In the context of liver function impairment as a main TRAE, the HAICCR group exhibited a slightly higher incidence than the CR group, albeit without significant statistical difference. Furthermore, certain adverse reactions such as hematuria, cough, diarrhea, fever, and hyperbilirubinemia have a higher incidence in the CR group, and the reasons for these differential occurrences are largely attributed to the biases inherent in the retrospective study design. At baseline, the CR group exhibited relatively poorer baseline conditions, with a higher proportion of metastases and impaired organ function, thereby rendering them more sensitive to drug-related adverse events. Therefore, in such circumstances, adverse events in the overall CR group may have been relatively overestimated, leading to a reduction in the observed differences between the HAICCR group and the CR group.
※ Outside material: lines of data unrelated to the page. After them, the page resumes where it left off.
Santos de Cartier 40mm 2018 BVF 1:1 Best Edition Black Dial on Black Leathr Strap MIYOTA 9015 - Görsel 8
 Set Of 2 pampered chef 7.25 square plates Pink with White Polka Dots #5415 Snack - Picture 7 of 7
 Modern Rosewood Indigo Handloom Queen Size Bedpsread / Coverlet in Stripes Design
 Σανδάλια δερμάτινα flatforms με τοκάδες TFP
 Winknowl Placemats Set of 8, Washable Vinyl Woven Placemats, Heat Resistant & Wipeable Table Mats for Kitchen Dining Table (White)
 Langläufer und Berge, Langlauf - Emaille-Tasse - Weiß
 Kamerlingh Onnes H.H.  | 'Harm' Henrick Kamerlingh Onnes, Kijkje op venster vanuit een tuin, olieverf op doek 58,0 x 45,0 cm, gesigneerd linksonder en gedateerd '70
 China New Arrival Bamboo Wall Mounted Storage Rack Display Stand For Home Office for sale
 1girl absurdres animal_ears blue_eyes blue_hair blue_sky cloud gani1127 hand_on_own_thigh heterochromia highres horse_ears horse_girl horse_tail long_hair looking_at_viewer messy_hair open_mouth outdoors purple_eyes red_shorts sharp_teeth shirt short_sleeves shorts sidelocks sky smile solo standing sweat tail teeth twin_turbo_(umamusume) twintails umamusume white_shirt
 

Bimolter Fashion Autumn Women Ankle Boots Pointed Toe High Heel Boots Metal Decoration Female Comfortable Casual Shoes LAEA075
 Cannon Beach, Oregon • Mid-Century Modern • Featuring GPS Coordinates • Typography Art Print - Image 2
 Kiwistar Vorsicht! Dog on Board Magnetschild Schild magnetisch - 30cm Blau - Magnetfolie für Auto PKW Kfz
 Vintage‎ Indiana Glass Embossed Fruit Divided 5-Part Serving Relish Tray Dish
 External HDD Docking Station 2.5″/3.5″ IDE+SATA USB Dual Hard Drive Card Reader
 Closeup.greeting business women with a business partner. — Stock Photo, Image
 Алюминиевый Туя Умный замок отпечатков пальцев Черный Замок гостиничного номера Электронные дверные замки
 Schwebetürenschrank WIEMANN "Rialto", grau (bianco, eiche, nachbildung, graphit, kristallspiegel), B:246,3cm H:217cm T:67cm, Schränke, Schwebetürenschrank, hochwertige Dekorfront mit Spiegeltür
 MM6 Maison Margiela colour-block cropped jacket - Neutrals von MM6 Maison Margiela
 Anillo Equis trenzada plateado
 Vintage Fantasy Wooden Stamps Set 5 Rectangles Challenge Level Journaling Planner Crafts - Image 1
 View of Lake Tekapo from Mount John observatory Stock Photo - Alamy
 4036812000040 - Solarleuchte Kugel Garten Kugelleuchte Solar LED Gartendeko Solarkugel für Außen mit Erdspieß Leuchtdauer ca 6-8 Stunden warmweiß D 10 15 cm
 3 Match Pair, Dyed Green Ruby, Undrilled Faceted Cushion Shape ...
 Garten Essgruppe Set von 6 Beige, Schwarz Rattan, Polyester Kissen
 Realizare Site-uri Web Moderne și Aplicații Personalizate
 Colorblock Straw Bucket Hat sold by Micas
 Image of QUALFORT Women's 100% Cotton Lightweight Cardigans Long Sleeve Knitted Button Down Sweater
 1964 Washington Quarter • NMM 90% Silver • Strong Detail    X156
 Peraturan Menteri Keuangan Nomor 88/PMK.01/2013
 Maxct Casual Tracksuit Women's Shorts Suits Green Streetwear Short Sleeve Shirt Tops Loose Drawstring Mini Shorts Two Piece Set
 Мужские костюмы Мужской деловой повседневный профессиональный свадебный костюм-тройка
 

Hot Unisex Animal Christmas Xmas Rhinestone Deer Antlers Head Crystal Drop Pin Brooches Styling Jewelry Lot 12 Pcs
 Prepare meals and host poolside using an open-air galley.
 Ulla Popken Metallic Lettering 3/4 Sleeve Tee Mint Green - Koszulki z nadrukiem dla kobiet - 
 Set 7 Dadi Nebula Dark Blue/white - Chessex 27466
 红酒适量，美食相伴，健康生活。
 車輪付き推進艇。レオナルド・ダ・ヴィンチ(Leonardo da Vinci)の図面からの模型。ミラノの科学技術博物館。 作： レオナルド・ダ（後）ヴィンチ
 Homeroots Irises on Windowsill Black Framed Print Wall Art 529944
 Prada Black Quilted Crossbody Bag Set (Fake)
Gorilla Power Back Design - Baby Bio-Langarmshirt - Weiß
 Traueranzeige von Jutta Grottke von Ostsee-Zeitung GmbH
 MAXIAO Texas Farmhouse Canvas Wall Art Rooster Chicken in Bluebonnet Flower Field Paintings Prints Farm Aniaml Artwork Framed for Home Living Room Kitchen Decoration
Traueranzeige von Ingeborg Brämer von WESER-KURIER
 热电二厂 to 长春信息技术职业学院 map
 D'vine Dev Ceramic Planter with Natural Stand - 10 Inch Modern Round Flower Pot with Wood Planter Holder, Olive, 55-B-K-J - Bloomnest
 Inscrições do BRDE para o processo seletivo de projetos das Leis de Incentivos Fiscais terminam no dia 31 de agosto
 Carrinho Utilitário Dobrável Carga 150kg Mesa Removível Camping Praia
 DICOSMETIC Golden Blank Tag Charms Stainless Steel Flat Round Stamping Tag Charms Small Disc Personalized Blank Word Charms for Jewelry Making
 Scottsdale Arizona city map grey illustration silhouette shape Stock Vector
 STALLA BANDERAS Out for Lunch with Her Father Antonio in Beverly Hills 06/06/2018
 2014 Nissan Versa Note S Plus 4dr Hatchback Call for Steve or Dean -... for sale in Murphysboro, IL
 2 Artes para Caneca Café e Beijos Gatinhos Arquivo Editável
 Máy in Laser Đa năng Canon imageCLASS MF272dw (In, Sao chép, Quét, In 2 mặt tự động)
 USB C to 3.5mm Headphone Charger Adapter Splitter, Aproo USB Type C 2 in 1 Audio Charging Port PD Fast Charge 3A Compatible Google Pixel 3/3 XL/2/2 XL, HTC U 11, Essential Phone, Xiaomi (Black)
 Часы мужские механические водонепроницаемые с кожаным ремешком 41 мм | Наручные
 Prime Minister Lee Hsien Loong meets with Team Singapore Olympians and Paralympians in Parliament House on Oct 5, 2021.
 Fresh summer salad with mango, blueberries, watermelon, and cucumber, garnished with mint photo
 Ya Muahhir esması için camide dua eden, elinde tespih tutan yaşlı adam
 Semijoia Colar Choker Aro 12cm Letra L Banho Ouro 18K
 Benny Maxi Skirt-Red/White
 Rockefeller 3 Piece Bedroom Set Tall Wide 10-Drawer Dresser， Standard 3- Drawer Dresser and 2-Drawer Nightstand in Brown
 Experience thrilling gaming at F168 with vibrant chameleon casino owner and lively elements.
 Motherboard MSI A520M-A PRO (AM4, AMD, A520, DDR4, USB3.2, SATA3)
This study still has some inherent limitations that should be acknowledged. Firstly, due to its retrospective nature, it inherently introduces unavoidable selection bias. While we employed propensity score matching to minimize between-group differences, endogenous differences may still exist. Thus, there is a need for additional prospective randomized controlled trials to enhance the level of evidence and further validate our findings. Secondly, the relatively small sample size in certain subgroups underscores the importance of expanding the study population and conducting larger-scale research to enhance the reliability of the findings. Then, this study incorporated multicenter data, thereby potentially introducing variations in treatment approaches across different centers that could impact the findings of this study. Finally, it is noteworthy that a significant portion of patients encompassed in this study exhibited viral hepatitis, engendering potential incongruity in the comprehensive demographic of globally encompassed unresectable HCC patients. Hence, further validation through larger international trials is warranted.

Conclusion

The integration of HAIC into the camrelizumab–rivoceranib regimen has showcased enhanced efficacy and well-tolerated adverse reactions for HCC with PVTT. This amalgamation of therapies harbors encouraging prospects as a feasible choice for HCC with PVTT.